And no apologies for returning to the increasingly unhinged Telegraph one final time, and to political correspondent Amy Gibbons, who reports that the BBC had “been accused of ‘lefty Blairite bias’ as it was criticised for selecting a panel of Rishi Sunak critics to join its flagship Sunday politics show”.
Under the headline “Tories accuse BBC of ‘lefty Blairite bias’ over Laura Kuenssberg panel”, Gibbons wrote: “All three guests invited to debate the political issues of the day on the Sunday With Laura Kuenssberg programme have condemned Mr Sunak’s leadership to varying degrees. The panel, which is supposed to represent views from across the political spectrum, consisted of Andy Burnham, the Labour Mayor of Greater Manchester, Brian Cox, the Succession star and self-proclaimed socialist, and…

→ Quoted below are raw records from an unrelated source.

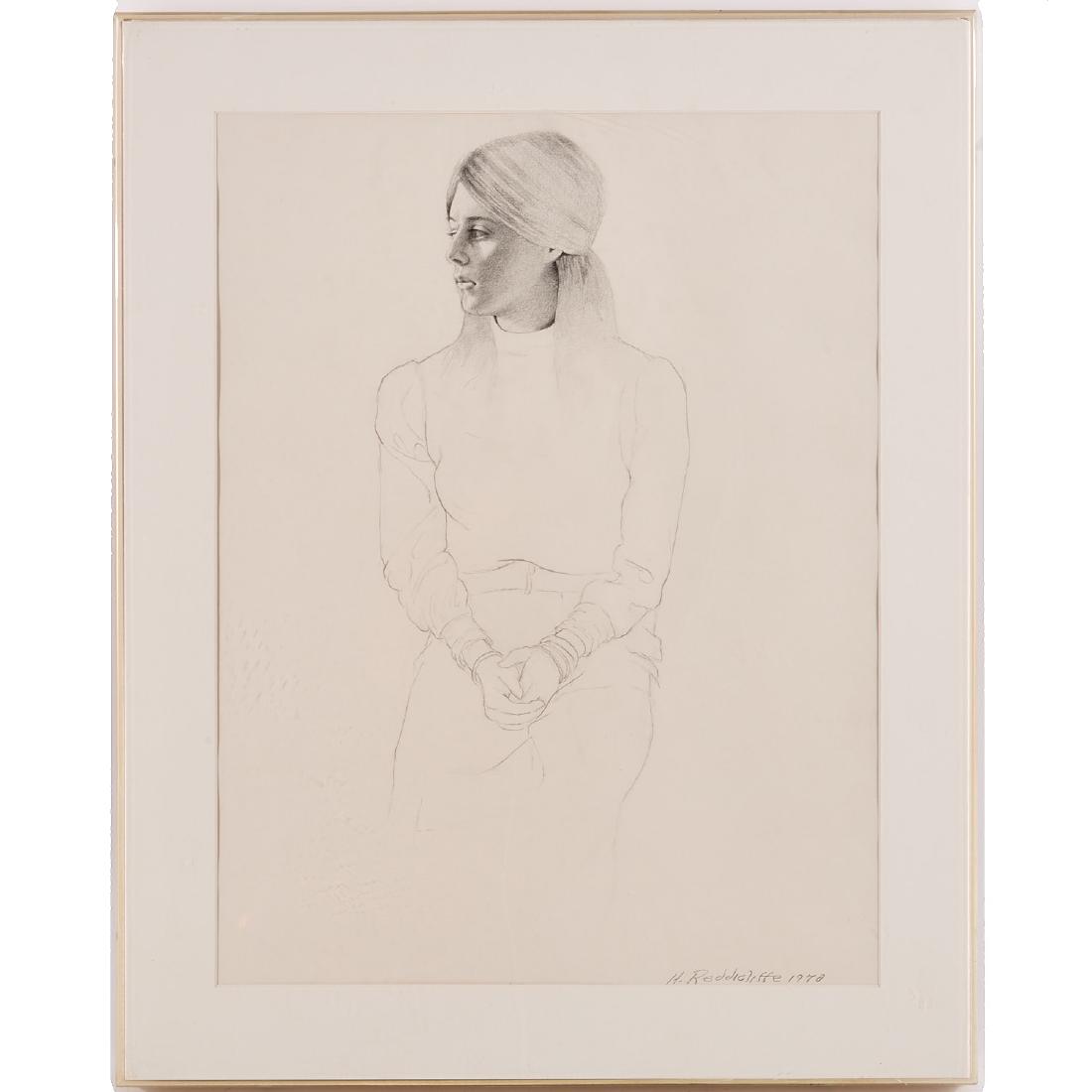 Hal Reddicliffe, drawing (1 of 6)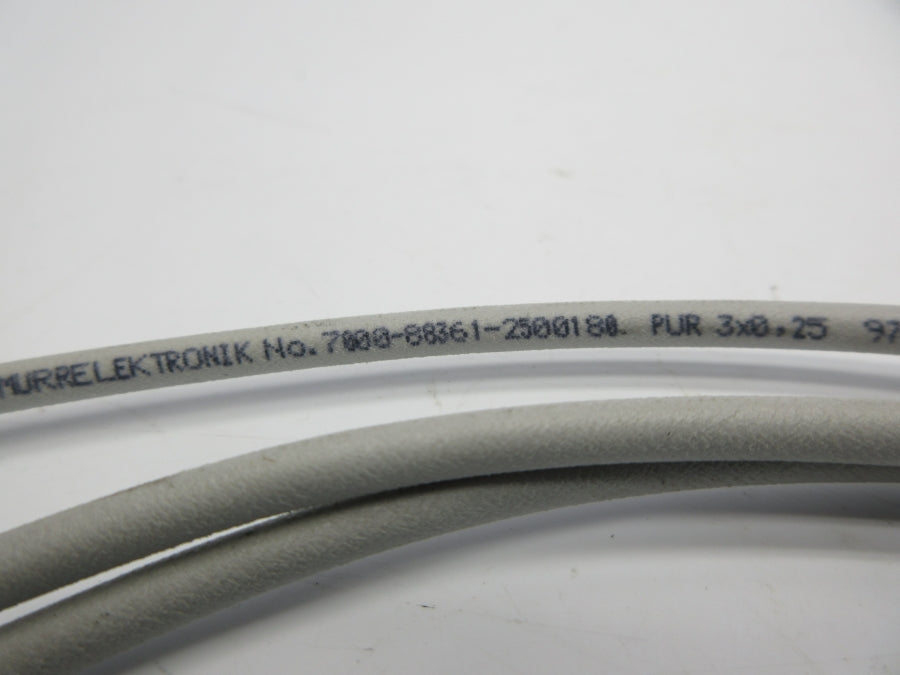 MURR ELEKTRONIK 7000-88361-2500180 NSNP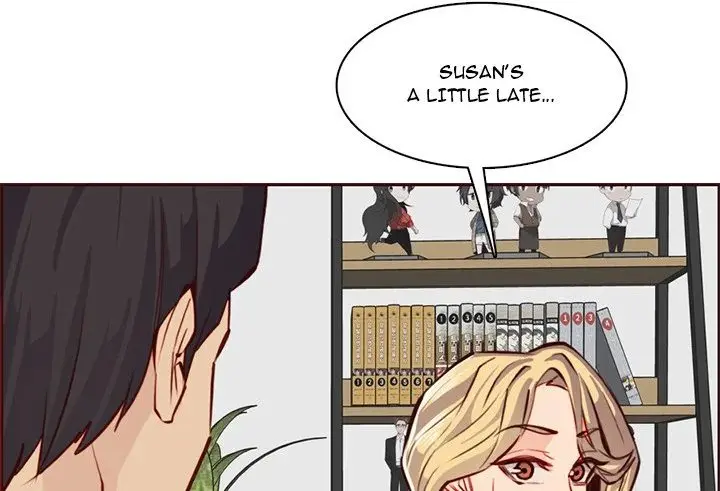 Never Too Late Chapter 88 - Page 125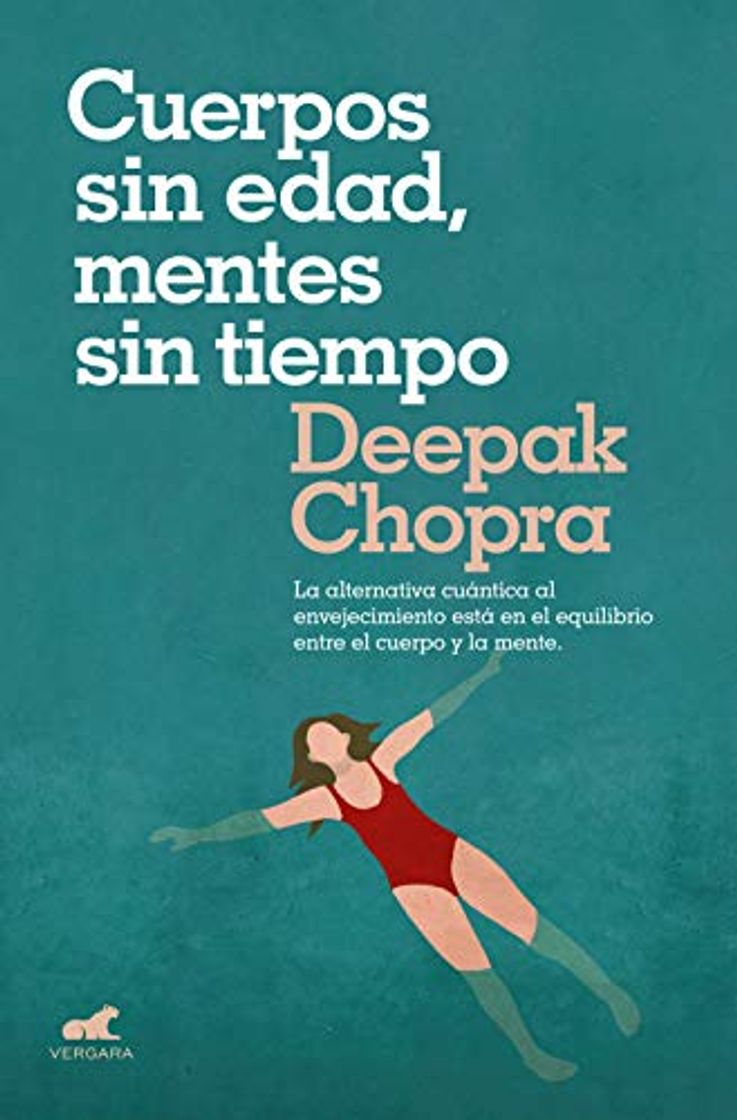 Libro Cuerpos sin edad, mentes sin tiempo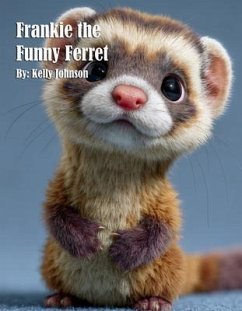 Cover Frankie the Funny Ferret (eBook, ePUB)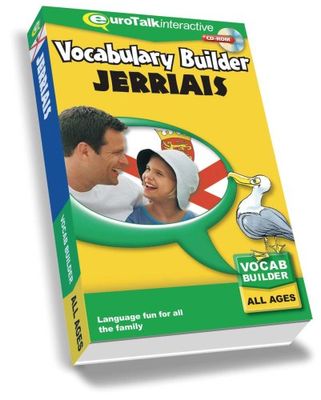 Vocabulary Builder Jerriais : Language fun for all the family - All Ages [import anglais]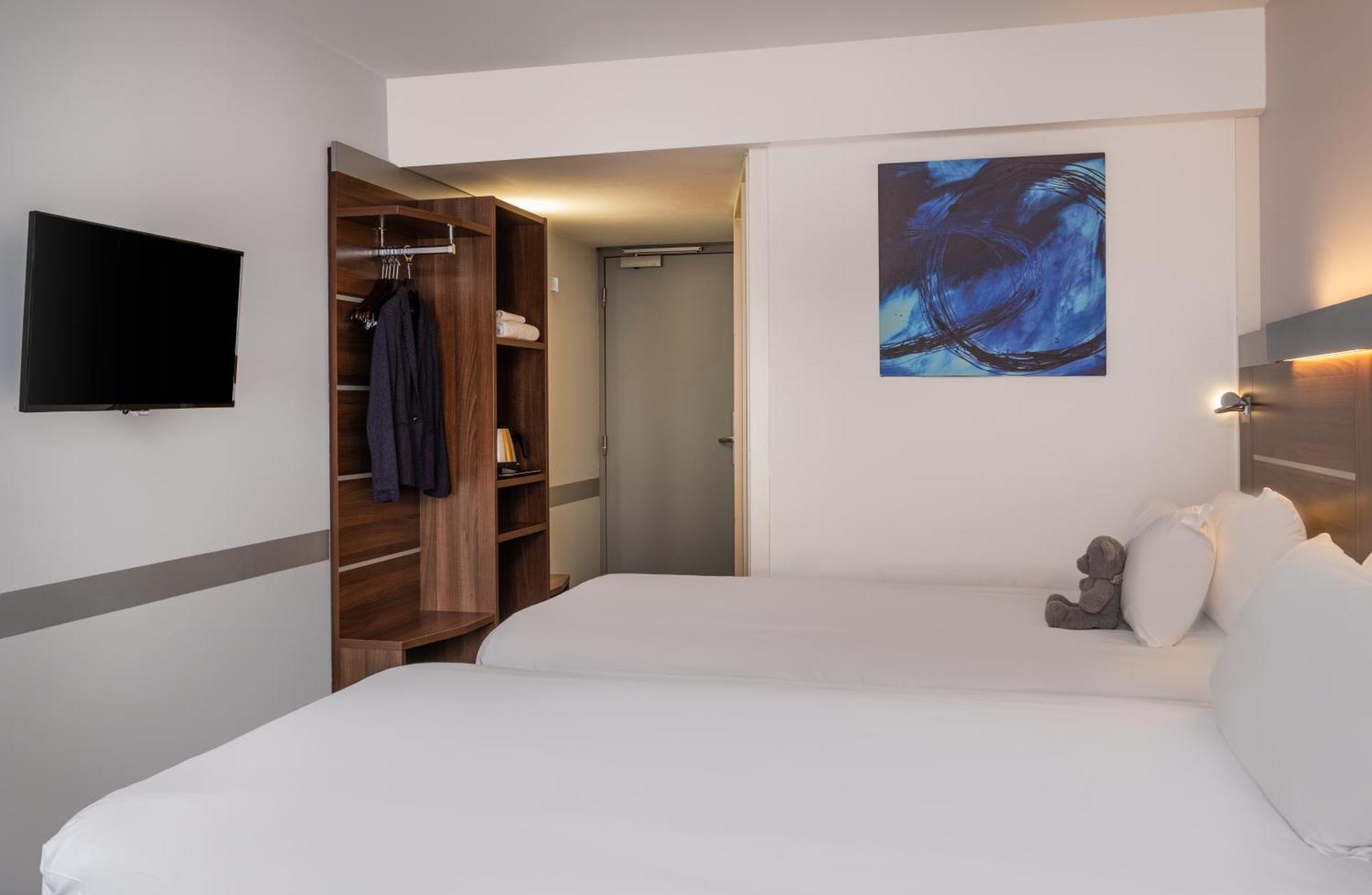Hotel Marseille Centre Gare Saint-Charles Exterior foto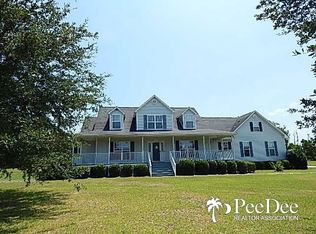 1310 Saxony Way, Florence, SC 29506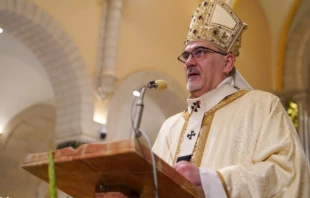 Cardenal Pierbattista Pizzaballa. Crédito: Patriarcado Latino de Jerusalén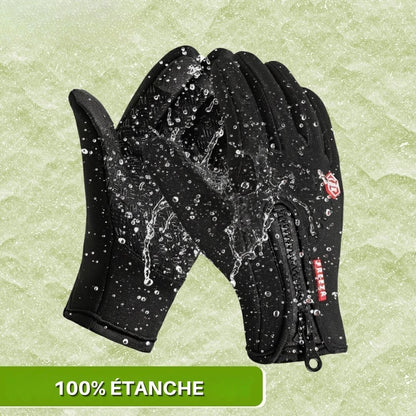 Gants FreeGrip™ – Votre partenaire pour affronter le froid avec confort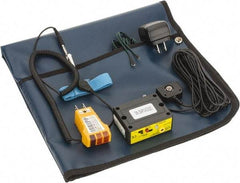 PRO-SAFE - Anti-Static Monitors & Testers Type: Anti-Static Field Service Kit Power Source: Battery - Exact Industrial Supply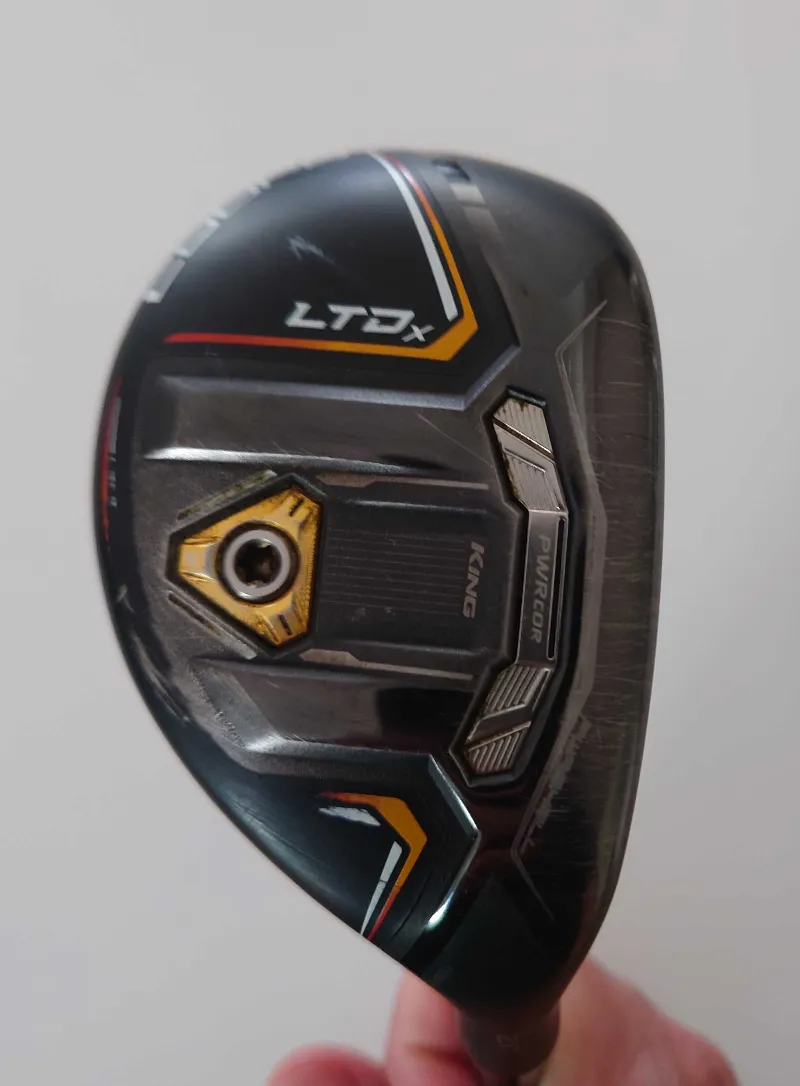 Cobra LTDx hybrid 4 (21) regular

“Nadine Dorries, the former Tory MP who has been a fierce critic of Mr Sunak”!
Even Dorries was amused by this one. “It’s the first time anyone has EVER called me ‘Blairite’,” she posted on Twitter/X with the crying/laughing emoji (apparently – Dorries long since blocked The New European on the platform).
“Leaving the ECHR,” wrote David Gauke on Twitter/X this week in response to Nigel Farage’s vow to leave the body. “Once again aligning with Putin.”
Responded GB News presenter Darren Grimes: “Like Canada and Australia? Those well known Putin allies.”
There is, of course, one reason why Canada and Australia are not signatories to the European Convention on Human Rights but at this moment, alas, your correspondent can’t quite put his finger on it.